Das Oberverwaltungsgericht Hamburg hat in 17 gleich gelagerten Fällen die Beschwerden von privaten Wettanbietern oder Vermittlern von Sportwetten gegen die Entscheidungen des Verwaltungsgerichts zurückgewiesen und entschieden, dass die Vermittlung von Sportwetten an private Wettveranstalter mit sofortiger Wirkung verboten werden darf (u.a. Beschluss vom 9.10.2006 - 1 Bs 204/06).
Die Antragsteller betreiben in Hamburg private Annahmestellen für Sportwetten, sog. Oddset-Wetten. Sie hatten bei der Finanzbehörde beantragt, Sportwetten zu feststehenden Gewinnquoten an Anbieter vermitteln zu dürfen, die in einem anderen Staat der EU hierfür eine Konzession besitzen, wie z.
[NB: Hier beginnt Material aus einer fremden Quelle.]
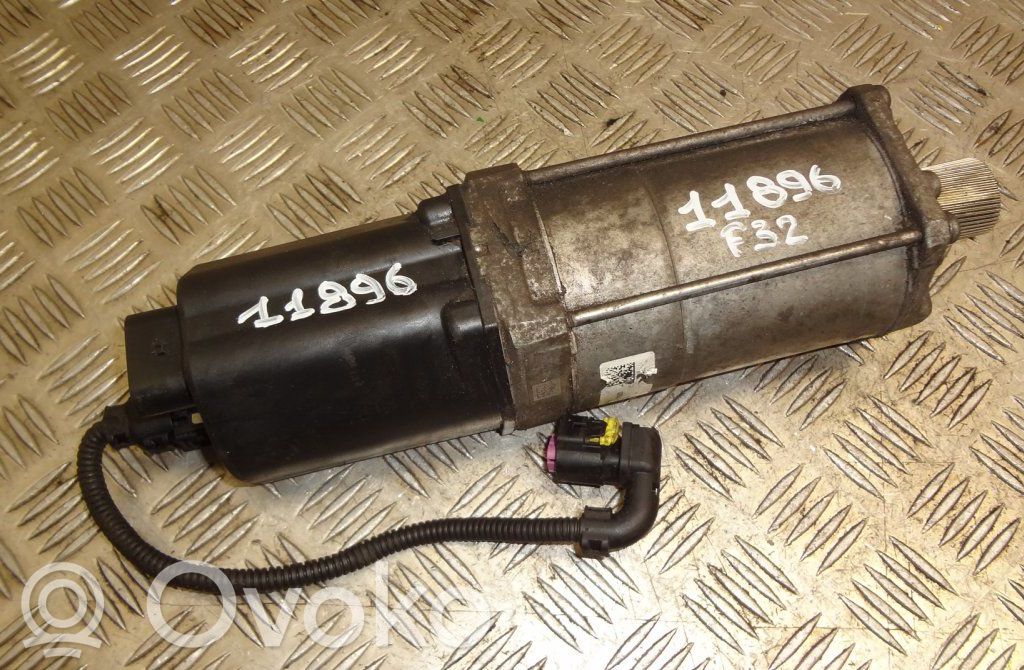 BMW 4 F32 F33 Ohjaustehostimen pumppu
B. in Österreich. Die Finanzbehörde hatte diese Anträge abgelehnt und gleichzeitig den Veranstaltern jegliche Vermittlung von Glücksspielen verboten, für die sie keine Erlaubnis besitzen. Hiergegen haben sich die Antragsteller im Wege des einstweiligen Rechtsschutzes gewandt. Das Verwaltungsgericht hat ihre Anträge abgelehnt. Ihre Beschwerden an das Oberverwaltungsgericht sind erfolglos geblieben.
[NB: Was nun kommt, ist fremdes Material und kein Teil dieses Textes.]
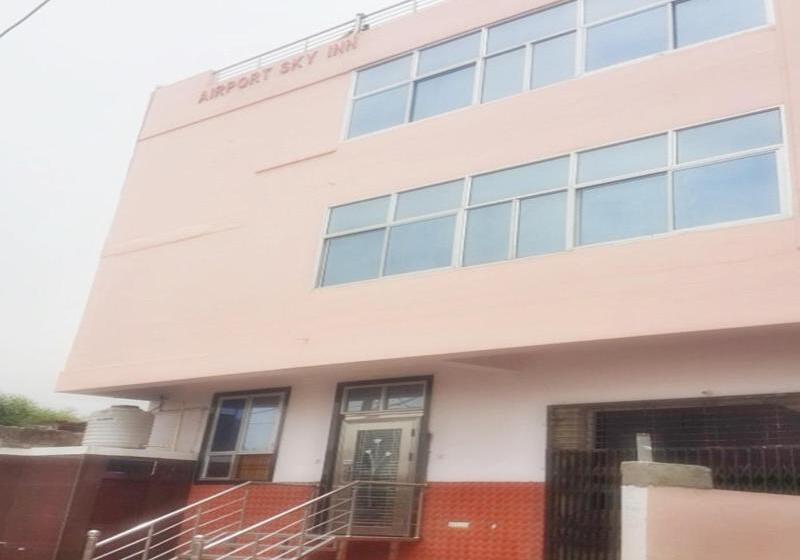 هتل Airport Sky Inn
Zur Begründung führt das Oberverwaltungsgericht im Anschluss an die Rechtsprechung des Bundesverwaltungsgerichts aus, die ordnungsrechtliche Untersagung ungenehmigter Oddset-Wetten sei rechtmäßig, weil § 284 des Strafgesetzbuches unerlaubtes Glücksspiel verbiete. Die augenblickliche gesetzliche Ausgestaltung des staatlichen Wettmonopols in Hamburg genüge zwar nicht den verfassungsrechtlichen Anforderungen des Grundrechts der Berufsfreiheit nach Art. 12 GG. Denn die Vorschriften seien nicht ausreichend an dem Ziel einer effektiven Suchtbekämpfung ausgerichtet, die den Ausschluss von privaten Wettanbietern rechtfertigen könnte. Dies habe das Bundesverfassungsgericht im Hinblick auf die Rechtslage in Bayern festgestellt, die insoweit auf Hamburg übertragbar sei. Das Bundesverfassungsgericht habe aber bis zum Ablauf der von ihm gesetzten Übergangsfrist für eine gesetzliche Neuregelung bis zum 31. Dezember 2007 das staatliche Sportwettmonopol aufrechterhalten, wenn es sogleich zur Bekämpfung der Spielsucht genutzt werde. Die Behörde habe bereits etliche Maßnahmen ergriffen, um das bestehende Wettmonopol wie von dem Bundesverfassungsgericht gefordert an einer Bekämpfung der Wettsucht und einer Begrenzung der Wettleidenschaft zu orientieren. Sie habe mit dem staatlichen Wettanbieter Nord-West Lotto und Toto Hamburg einen Maßnahmenkatalog zur Bekämpfung der Spielsucht festgelegt.